Scotland: Standing on the cusp of change

Written by: Recycling Waste World | Published:

There was an energised feel in the air at Glasgow last month, as industry leaders North of the border mapped out their future intentions for waste and resources policy at the annual Scottish Resources conference. Freelance writer Maxine Perella reports.

The theme of the two-day Scottish Resources conference, co-hosted by Zero Waste Scotland and CIWM, was ‘Evolution or Revolution?’ suggesting that Scotland is minded to the scale of the challenge ahead if it wants to deliver on its zero waste ambitions - a challenge that may well require robust government intervention on some fronts, writes freelance writer, Maxine Perella. 

Two key announcements were made by Scottish environment secretary Richard Lochhead at the event; these comprised investment to the tune of £1.3m to set up a Scottish Institute for Remanufacture, and the development of a Scottish materials brokerage service for local authorities. Both initiatives are significant in that they target value recapture from both products and recycled materials, and will serve as practical stepping stones to the Scottish government’s wider circular economy drive.

Scotland was one of the first regions to sign up to the Circular Economy 100 - a global platform led by the Ellen MacArthur Foundation (EMF), which brings together leading companies, emerging innovators and regions to accelerate this transition. Speaking at the event, EMF’s Sandy Rodger welcomed the launch of the remanufacturing hub and said it represented “an opportunity for the rebirth of manufacturing [in Scotland]”.

“The circular economy is not a game of Solitaire,” he told delegates. “You cannot change it by yourself. It’s all about collaboration.” He added: “Like any change, you have to work your way up - so at the start it’s hard, and then it gets easier. At this stage, we need people who are leaders. We see Scotland taking the lead, it’s really inspiring.”

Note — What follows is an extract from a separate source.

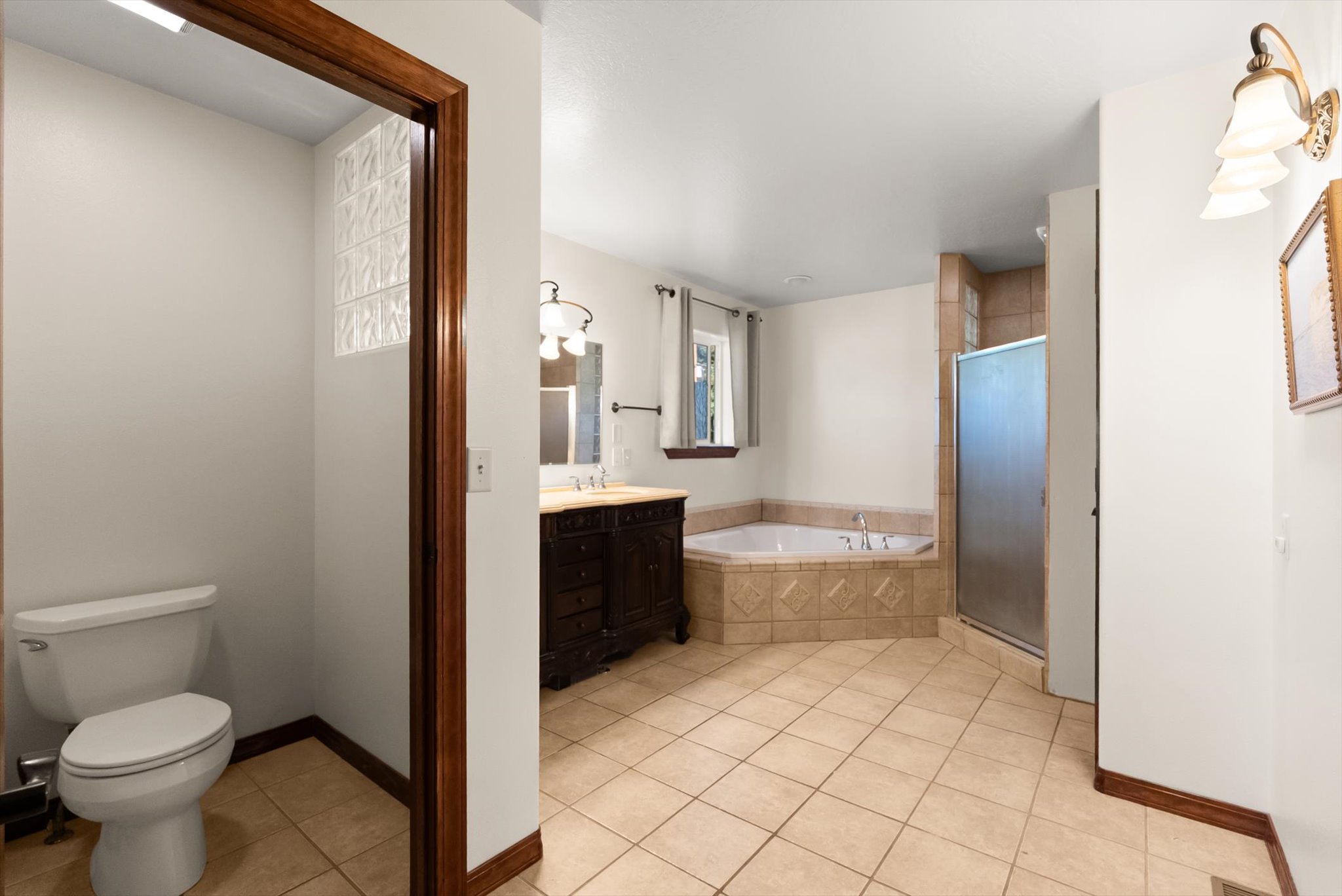 13970 Sapphire Drive Property Photo 18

Addressing the audience during his keynote speech, Lochhead told delegates that in terms of safeguarding the country’s natural resources, there was still much to be done. “The default approach worldwide is to burn, bury or down-cycle our resources. There has to be another way of doing things. Our approach in Scotland is more ambitious than the rest of the UK … but there are areas where we need to up our game in radical ways.”

A disappointing national recycling rate

Reflecting on the recycling rates of Scotland’s 32 councils, Lochhead said that some of the best performing authorities were now achieving 60% or more, but felt the national rate of 42% was “pretty disappointing”. 

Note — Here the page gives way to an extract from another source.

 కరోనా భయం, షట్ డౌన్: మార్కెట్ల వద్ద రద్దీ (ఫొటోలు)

He added that the new materials brokerage service, combined with the waste regulations introduced back in January, would help cement a more robust materials infrastructure base for Scotland’s future.

The minister was keen to underline the government’s commitment to the circular economy. The new remanufacturing hub - a UK first - is evidence of this, as remanufacturing is considered a more high value resource loop than recycling (which often downgrades materials). 

Stressing that the circular economy was “not just a rebranding of waste management,” Lochhead called the case for it “irresistible”.

“We are looking at how to support the deep case for innovation for the circular economy in Scotland. There is a compelling case for more [devolved] powers for Scotland in this area,” he told delegates, hinting that this could include greater powers over product design, for example. 

Lochhead ended his talk by revealing that his department was working on a circular economy roadmap, which should draw all of this thinking together and set out a clearer framework for the sector to work towards.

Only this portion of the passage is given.